■ **Data shown**
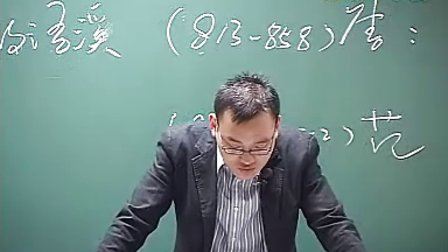 第3讲李商隐、范仲淹、柳永、苏轼、辛弃疾...2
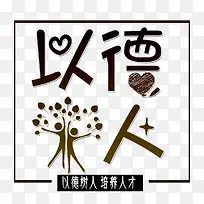 以德育人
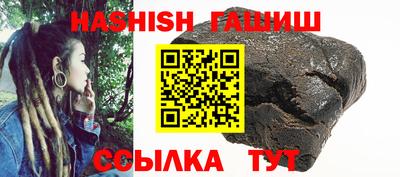индика Краснокаменск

■ **Prompt**
Transcribe the material exactly, and leave out whatever pictures it holds.

■ **Answer space**
 第3讲李商隐、范仲淹、柳永、苏轼、辛弃疾...2
 以德育人
индика Краснокаменск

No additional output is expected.